**What is expected**
Copy out exactly the lines beginning with the one that contains "Sweter z dzianiny" and ending at the last line of the listing, skipping any pictures.
┄┄┄┄┄┄
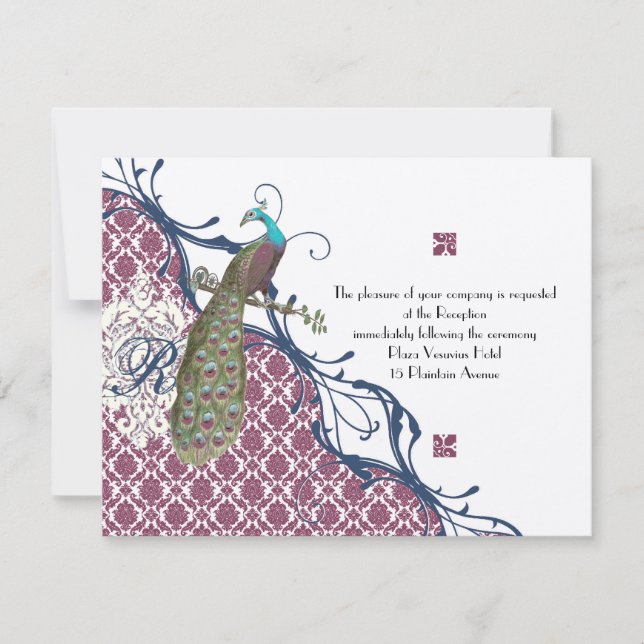Invitación Boda de pavo real Damask elegante de Navy y Berry  (Anverso)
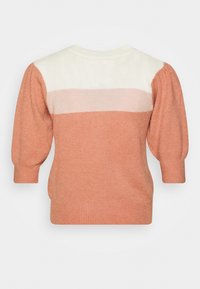 Sweter z dzianiny w kolorach koralowym, kremowym i jasnoróżowym. Posiada bufiaste rękawy oraz okrągły dekolt. Miękka faktura i luźny krój.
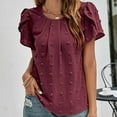 thumbnail image 2 of Fesfesfes Womens Shirt Womens Fashion Short Sleeves Round Neck Solid Color Loose Tops Blouse Knitted Sweater Women Short Sleeve Shirt XS(US:2), 2 of 7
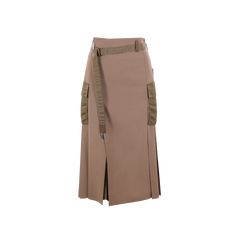 Wool Blend Wrap Skirt-SACAI-JOHN JULIA Makeup Travel Case, Dark Beige, Wool Fabric, Beauty Accessories, Skirts For Sale, Wrap Skirt, Accessories Design, Wool Blend, Midi Skirt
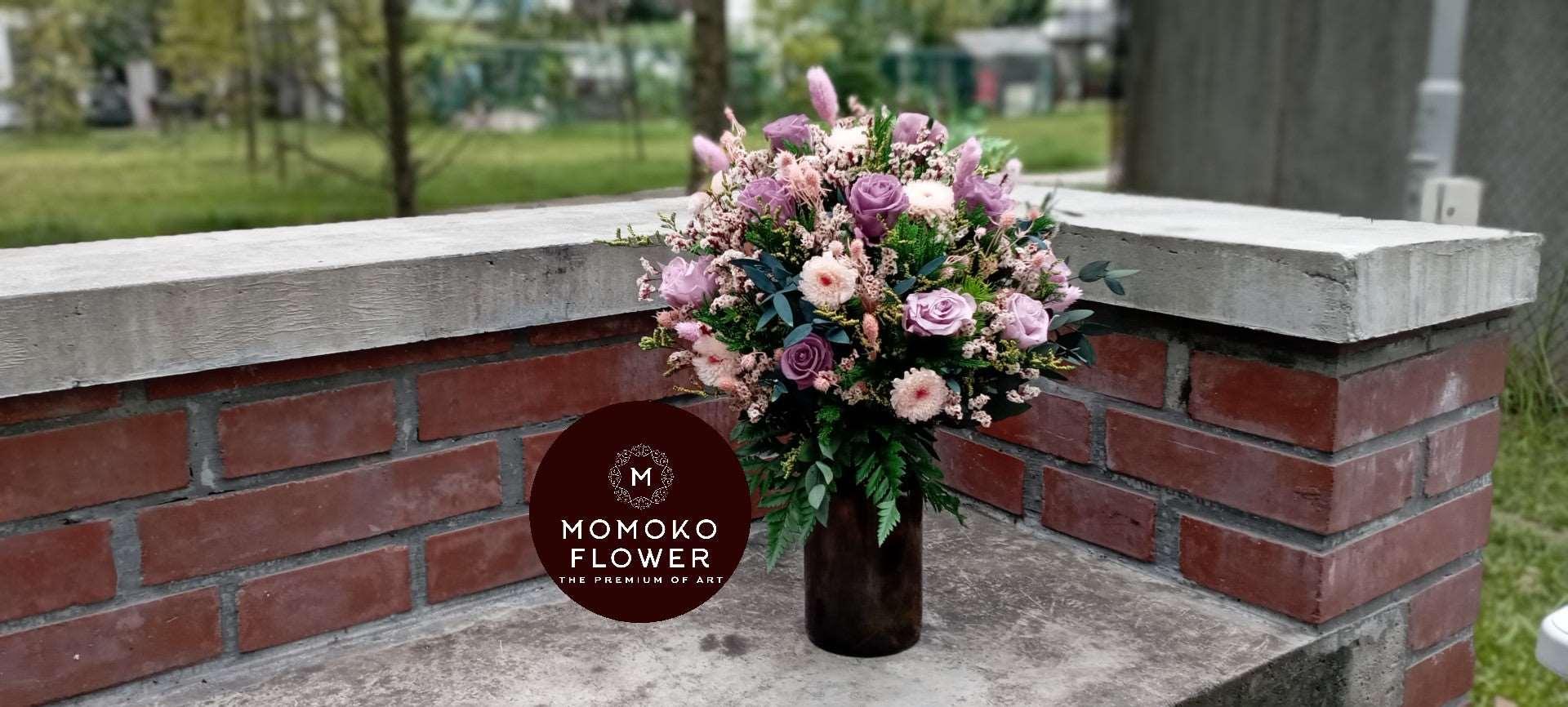 Momoko Orchid Purple Rose Flower Arrangement - Momoko Flower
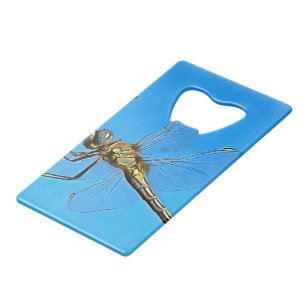 Hou vol met artistieke dragonfly tegen Cerulean Bl Kredietkaart Flessenopener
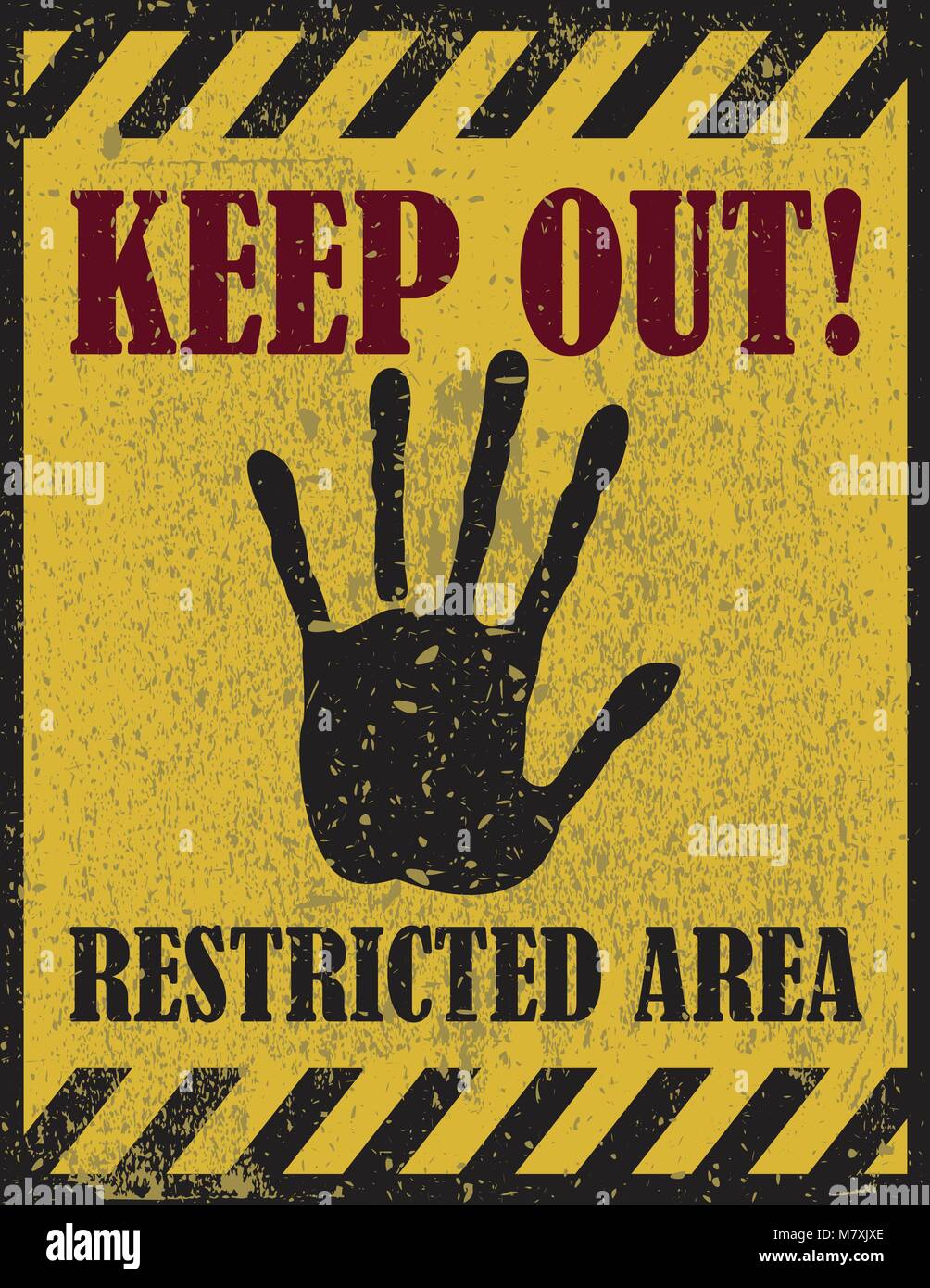 Keep out warning, restricted area sign, warning sign Stock Vector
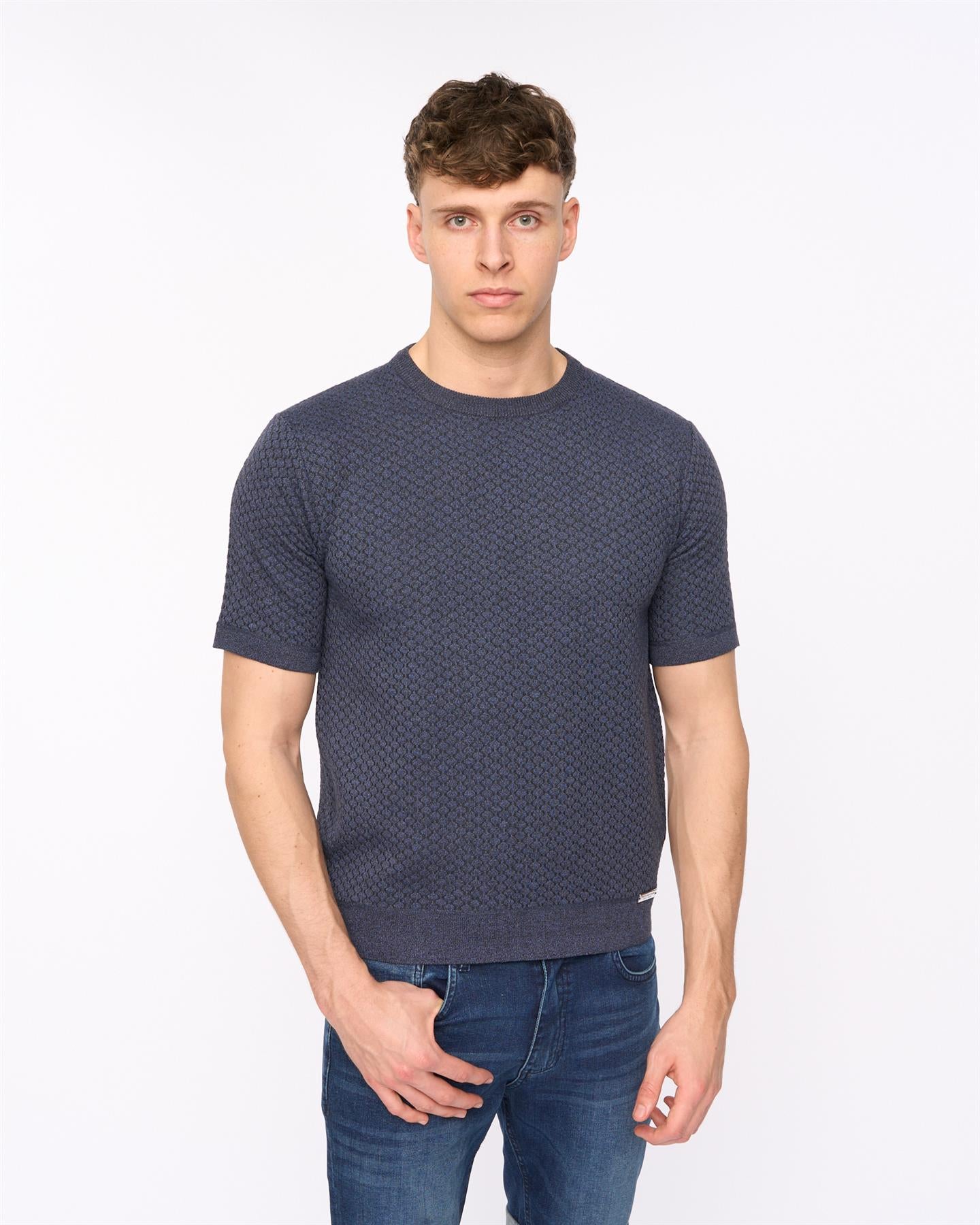 Mens Mataso Knit T-Shirt Slate Blue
┄┄┄┄┄┄
**Result of this exercise**
 Sweter z dzianiny w kolorach koralowym, kremowym i jasnoróżowym. Posiada bufiaste rękawy oraz okrągły dekolt. Miękka faktura i luźny krój.
 thumbnail image 2 of Fesfesfes Womens Shirt Womens Fashion Short Sleeves Round Neck Solid Color Loose Tops Blouse Knitted Sweater Women Short Sleeve Shirt XS(US:2), 2 of 7
 Wool Blend Wrap Skirt-SACAI-JOHN JULIA Makeup Travel Case, Dark Beige, Wool Fabric, Beauty Accessories, Skirts For Sale, Wrap Skirt, Accessories Design, Wool Blend, Midi Skirt
 Momoko Orchid Purple Rose Flower Arrangement - Momoko Flower
 Hou vol met artistieke dragonfly tegen Cerulean Bl Kredietkaart Flessenopener
 Keep out warning, restricted area sign, warning sign Stock Vector
 Mens Mataso Knit T-Shirt Slate Blue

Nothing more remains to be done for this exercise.